Born in Lausanne, Switzerland on 7 October 1936, Charles Dutoit graduated from the Geneva Conservatory, where he won first prize in conducting. His extensive musical training also included history of music, composition, violin, viola, piano and percussion at the conservatoires of Geneva, Siena, Venice and Boston.
As a young man, Dutoit frequently attended rehearsals by the legendary conductor Ernest Ansermet and got to know him personally.
Dutoit began his music career in 1957 as a viola player with various orchestras across Europe and South America. As a member of the Lucerne Festival youth orchestra, he played under Herbert von Karajan. When still in his early 20s, Dutoit was invited by Von Karajan to lead the Vienna State Opera.
In January 1959, Dutoit made his debut as a professional conductor with an orchestra of Radio Lausanne and Martha Argerich to whom he was married from 1969 to 1973. He became a guest conductor of the Orchestre de la Suisse Romande and the Lausanne Chamber Orchestra.
For 25 years - from 1977 to 2002 - Charles Dutoit was Artistic Director of the Montreal Symphony Orchestra, a dynamic musical partnership recognized the world over. During his tenure, the recording profile and reputation of the orchestra increased as he managed to make it one of the leading orchestras in the French-speaking world.
In 1989, Dutoit appeared at the United Nations in New York. He is pictured here with U.N. Secretary General Javier Perez de Cuellar and cellist Yo-Yo Ma.
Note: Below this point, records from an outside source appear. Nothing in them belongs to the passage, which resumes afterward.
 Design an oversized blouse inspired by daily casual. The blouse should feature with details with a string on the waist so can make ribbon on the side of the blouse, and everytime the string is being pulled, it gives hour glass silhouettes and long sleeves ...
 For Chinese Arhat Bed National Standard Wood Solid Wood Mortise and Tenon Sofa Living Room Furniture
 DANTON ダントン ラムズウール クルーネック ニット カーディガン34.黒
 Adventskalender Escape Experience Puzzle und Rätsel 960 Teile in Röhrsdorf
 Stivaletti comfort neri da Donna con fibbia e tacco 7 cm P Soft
Dutoit first conducted the Philadelphia Orchestra in 1980. From 1990 to 1999, he was music director of their summer concerts and, until 2010, he was the artistic director and principal conductor of their summer festival. Photo: Jessica Griffin/The Philadelphia Orchestra Association
"I think it's the most wonderful thing to be a musician," says Dutoit. "What would society be without music? It's unthinkable in the civilized world. When the world wants to stay civilized and develop and find higher values, music is wonderful." In October 2011, pianist Lang Lang joined Dutoit and the Philadelphia Orchestra for three performances of Liszt's Piano Concerto No. 1.
A globetrotter motivated by his passion for history and archaeology, political science, art and architecture, Charles Dutoit has traveled in all 195 nations of the world. He maintains residences in Switzerland, Paris, Montreal, Buenos Aires and Tokyo.
"I think a conductor is also a trainer," says Dutoit. "An orchestra is an instrument and you need somebody to play this instrument." His more than 170 recordings, half of them with the Montreal Symphony Orchestra, have garnered over 40 awards and distinctions around the world.